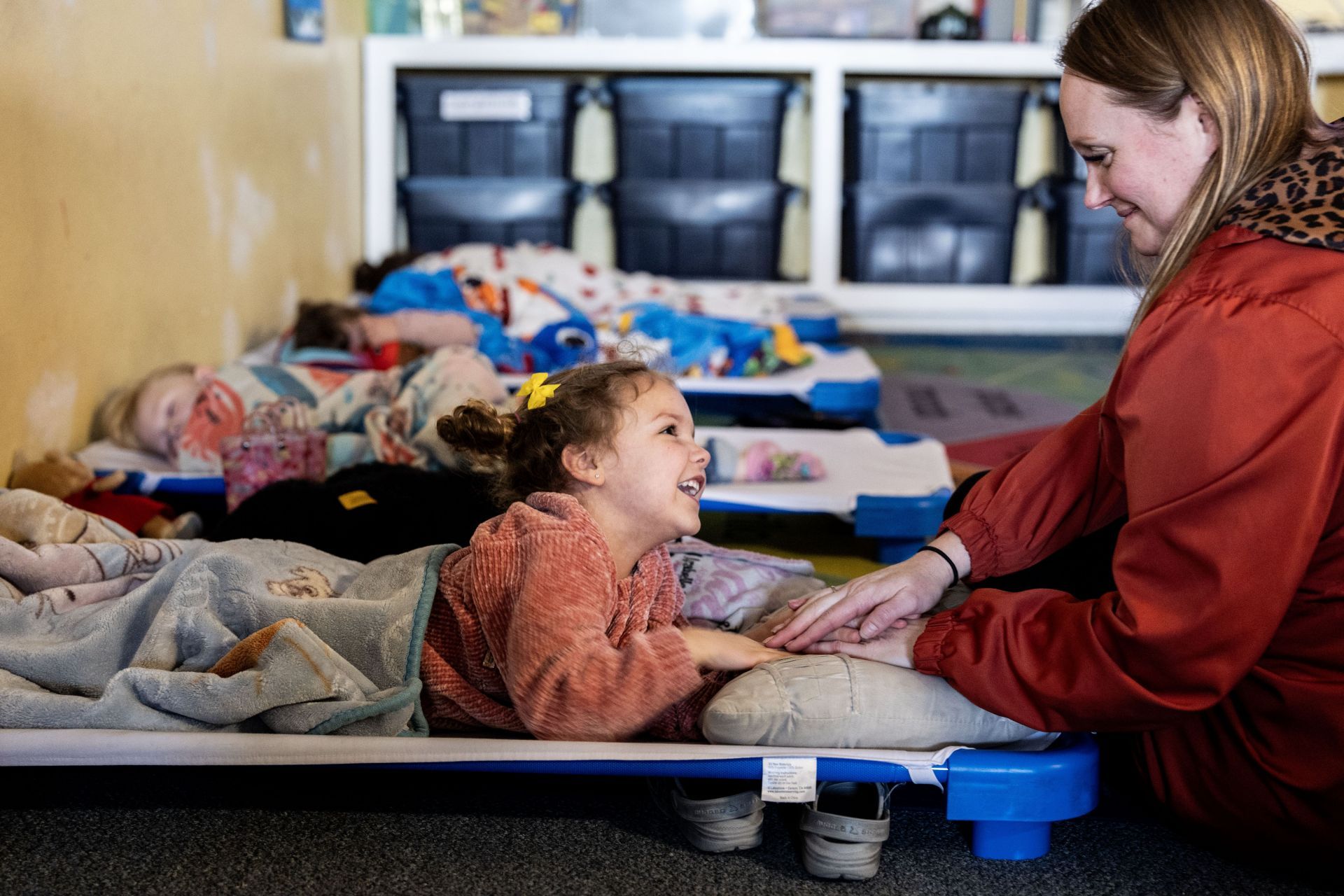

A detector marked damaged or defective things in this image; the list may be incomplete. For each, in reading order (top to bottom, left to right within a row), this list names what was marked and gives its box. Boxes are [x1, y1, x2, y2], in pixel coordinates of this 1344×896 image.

peeling paint on wall [228, 173, 275, 274]
peeling paint on wall [24, 370, 78, 456]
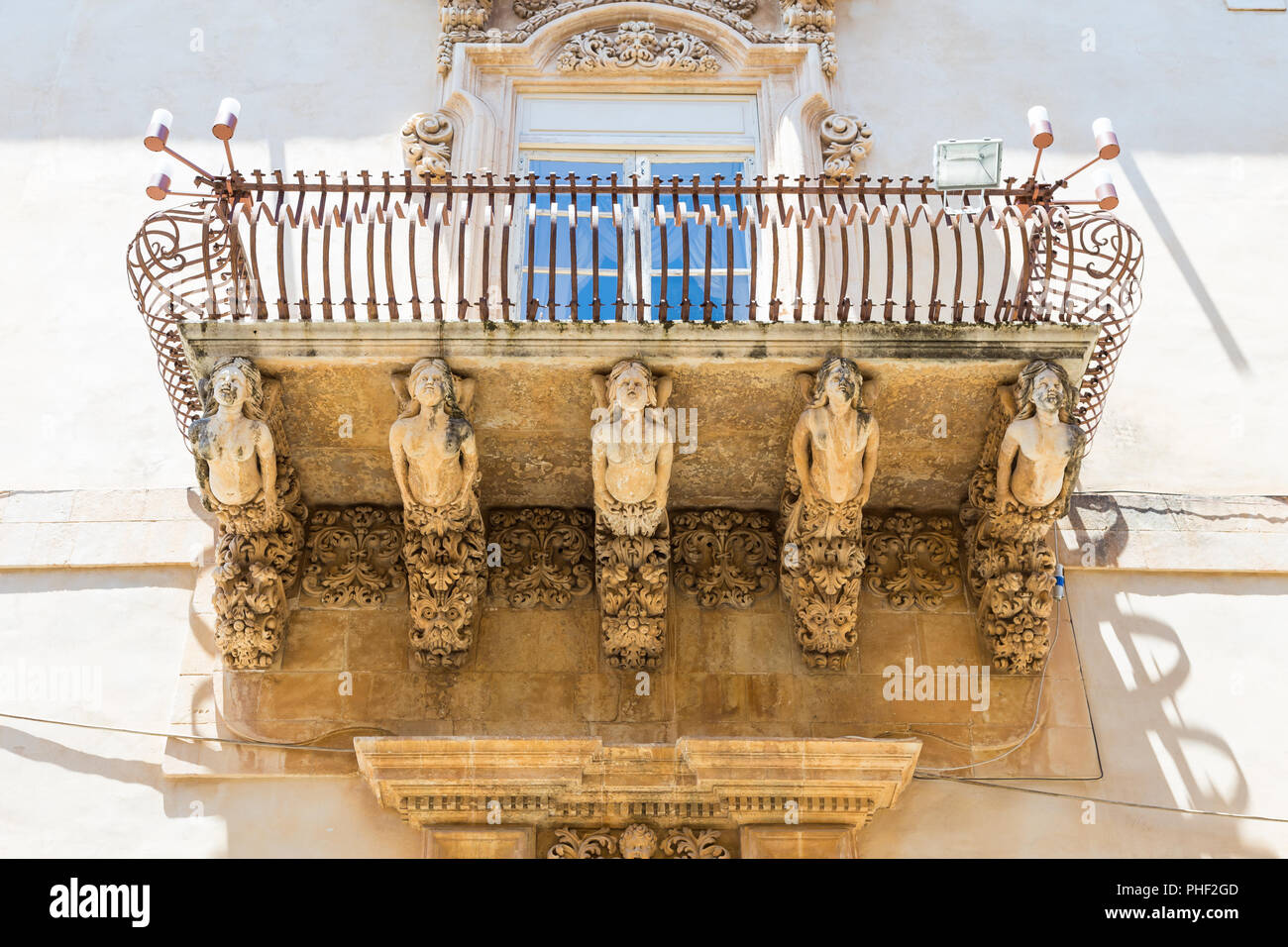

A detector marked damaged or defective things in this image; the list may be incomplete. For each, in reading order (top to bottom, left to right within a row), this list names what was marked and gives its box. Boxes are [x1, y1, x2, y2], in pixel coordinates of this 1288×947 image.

rusty iron railing [128, 170, 1138, 443]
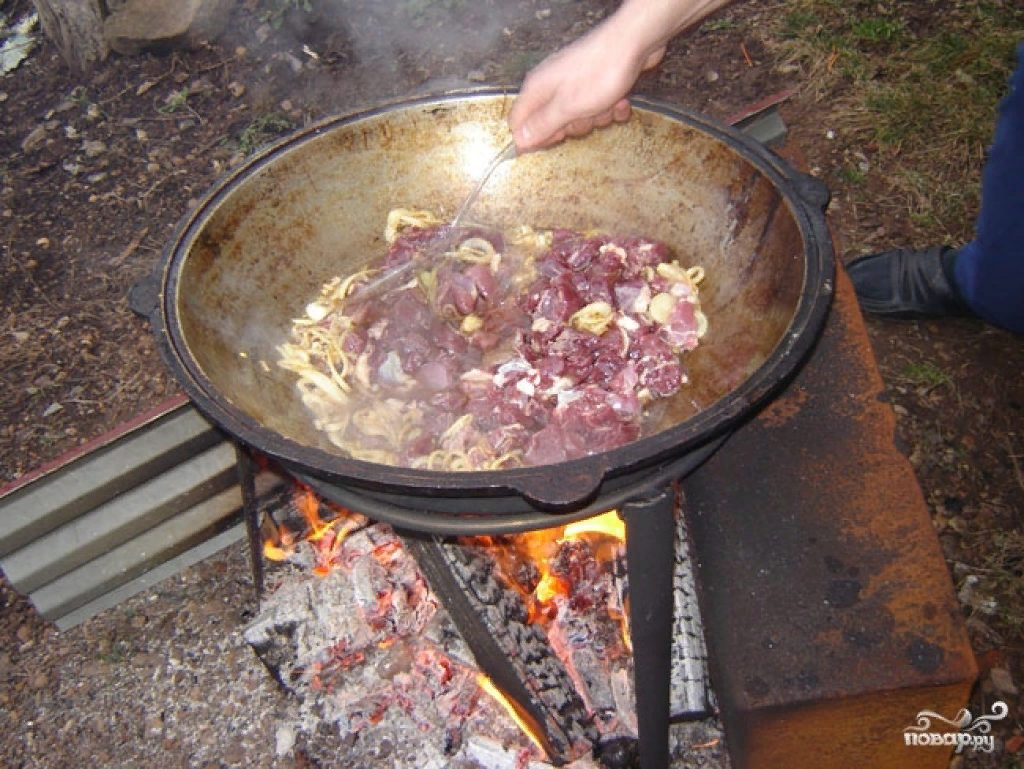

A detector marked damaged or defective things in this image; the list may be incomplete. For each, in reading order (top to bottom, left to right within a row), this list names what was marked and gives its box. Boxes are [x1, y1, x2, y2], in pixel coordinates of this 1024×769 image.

rusty metal sheet [684, 264, 970, 765]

***

→ Exercise objective
I'd like the records above given again exactly, please, without the pictures.

→ Result of this task
A detector marked damaged or defective things in this image; the list may be incomplete. For each, in reading order (top to bottom, left to right within a row), this list names what was marked and gives its box. Boxes are [x1, y1, x2, y2], in pixel coordinates of this 1344×896 image.

peeling paint on wall [228, 173, 275, 274]
peeling paint on wall [24, 370, 78, 456]

A detector marked damaged or defective things in this image; the list may be incomplete. For each, in reading order (top to bottom, left to right within a row), this list names what was marked and gives its box. Boxes are [x1, y1, x2, y2], in pixel coordinates of this 1288×947 image.

rusty iron railing [128, 170, 1138, 443]

A detector marked damaged or defective things in this image; the list may be incomplete. For each, in reading order (top to bottom, left to right within a row), this list names what was marked and gives its box. Boxes are [x1, y1, x2, y2], in pixel coordinates of this 1024×769 image.

rusty metal sheet [684, 264, 970, 765]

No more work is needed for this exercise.